Blurred edges in simple side to side animation?

This is probably either very simple or very complex; but I’m primarily a music software guy and so have lesser expertise in visual matters!
I’ve made a simple animation where images of an interior environment with not-quite-matching background colours slide across the screen. I’d like to blur the left & right sides of each image so that they blur into one another and look like a single pan around the environment.
I’ve tried simple masking and looked at groups, but not managed to make anything that begins to look like what I’m aiming for.
Is this do-able? Or should I be looking at another way of doing this (perhaps video editing, as at the moment it looks like I’ll be embedding the finished item as a video rather than an animation (in RapidWeaver))


Hi David!

I am not sure I understand the precise idea of your description, but here is one approach…

A few things to note about the video demo just below that is at variance with your request:

  1. The entirety of the transition images get blurred, not just the edges.
  2. It is occurring faster than You are probably envisioning.
  3. The example is actually a complete scene change.

However, the same principles would apply to your request - just adapt to your own variation.

I would create the initial effect in a video editor - then maybe You are done - as You are going to embed it anyway.

BUT do consider the practice and experience You would gain by also experimenting in Hype - which might bear fruit at some future time. The process would be to export the frames from your video editor as PNG or JPEG files and then selectively use “keyframe” images (You won’t need that many) needed for the effect - along with the judicious use of fade-in, fade-out in the Hype timeline itself.

The video effect:

Breaking down the key changes to the frames:

The image does a simultaneous lateral movement & blurring. The blurring ramps up during the transition.
Do note that the blurring is directional - lateral to match the movement.

The next scene moving in with an identical (or near identical) blur setting and movement.
The blurring effect is at a maximum.

Just about there - the blurring is significantly lessening as the new scene slides into place.

Hype can apply gaussian-style blurs, but has no built-in way to do motion blurs as this is not a CSS filter effect. Sometimes in a quick pinch regular blurs will work (especially if you crop off the top-bottom for a horizontal move), but in general you’d need to do the image processing outside of Hype as @JimScott has recommended.

Thanks for that Jim,
I’ll have a think and a play with that. Though it isn’t quite the look I want. I basically want to imitate a single panoramic shot. Unfortunately the shots that I have to work with all have somewhat different versions of blue at their edges. The photos were taken inside a large inflatable colour maze - has the original Flash based animation, if you’re interested. It’s old and clunky and I’m trying to make an improved version, but it might actually be better to get a photographer in and make a completely new, panoramic shot. Unfortunately, that large structure only goes up a couple of times a year, so I’m looking for a temporary solution as I rebuild the site.
So I basically want to have what I’m imagining is the equivalent of an audio crossfade between the separate images as they slide across the screen - by which I mean that only the _edges of the images are crossfaded, rather than the whole image fading - so that it looks like a single panned shot.

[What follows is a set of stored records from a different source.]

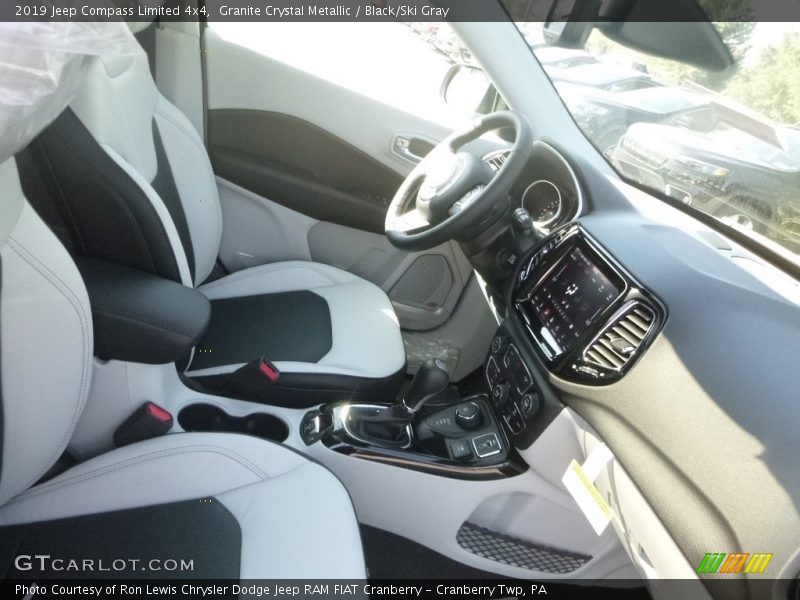 Granite Crystal Metallic / Black/Ski Gray 2019 Jeep Compass Limited 4x4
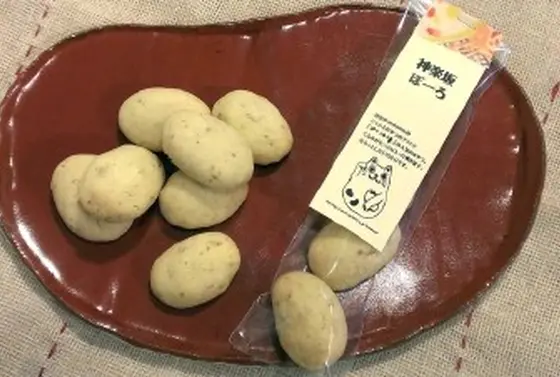 店内では手作りの御菓子やドリンクも提供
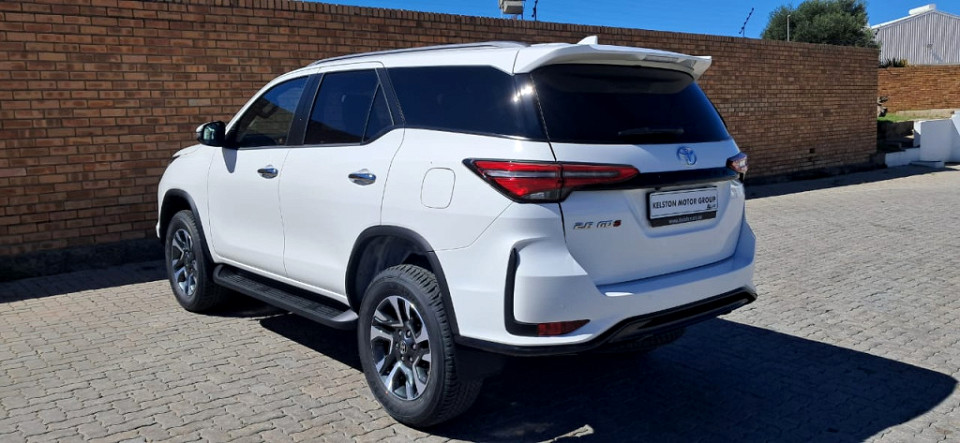TOYOTA  FORTUNER 2.8GD-6 R/B A/T, image 2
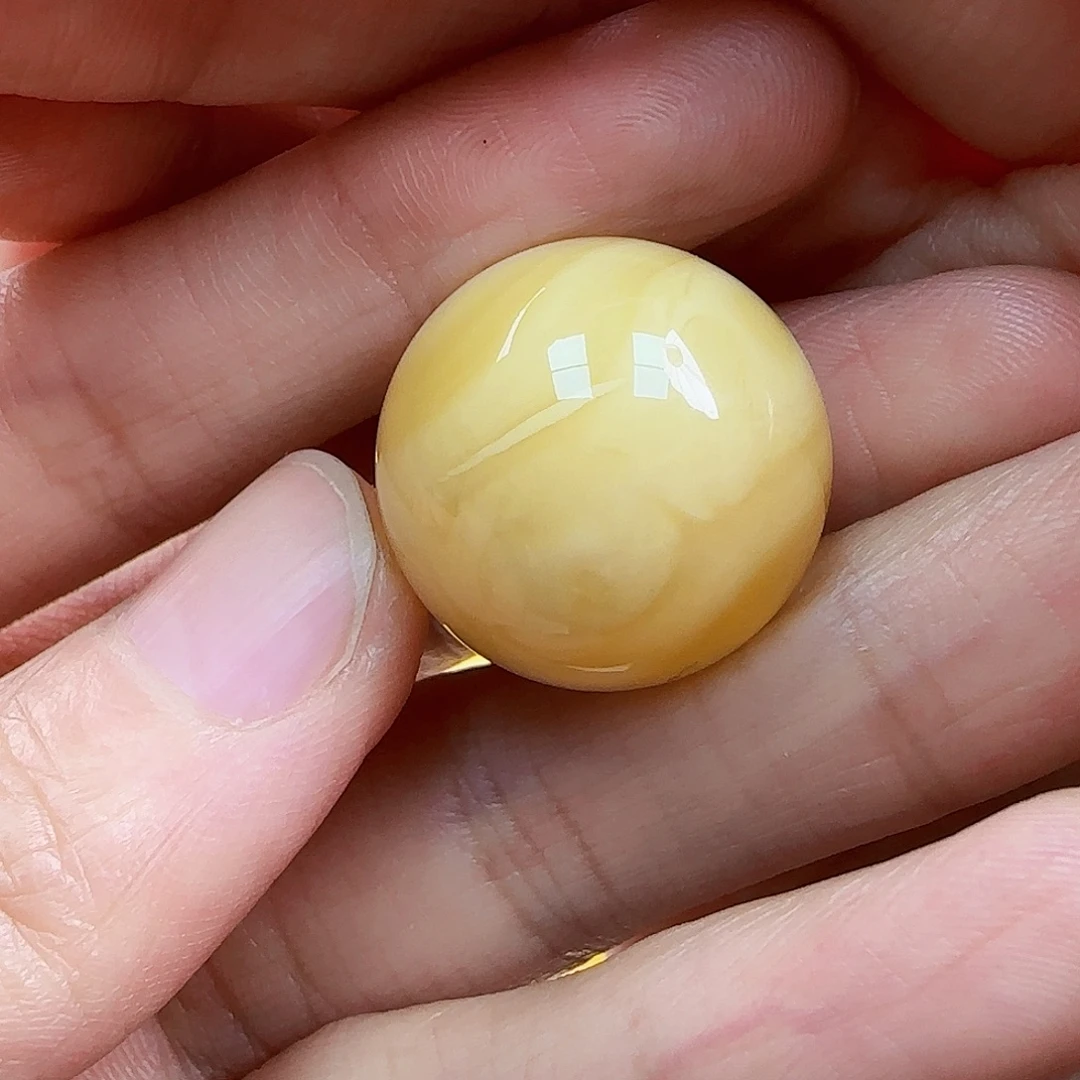 蜜蜡未镶嵌珠宝奇石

So it’s more of a static effect that slightly merges each right hand edge into the next left hand edge, which is why i thought of blurring. As I’m typing this (and trying to make a sensible desription), I’m realising that this is an audio/video editing way of describing it, which may not make so much sense in an html animation environment!

Hi David,

Is this more or less what you’re trying to achieve, except with ostensibly seamless panoramic tiles?

If so, then Hype isn’t your tool, you’ll need an image-processor to pre-bake your images.

yup, that’s in the ball park. So I’ll look at a different way of doing this.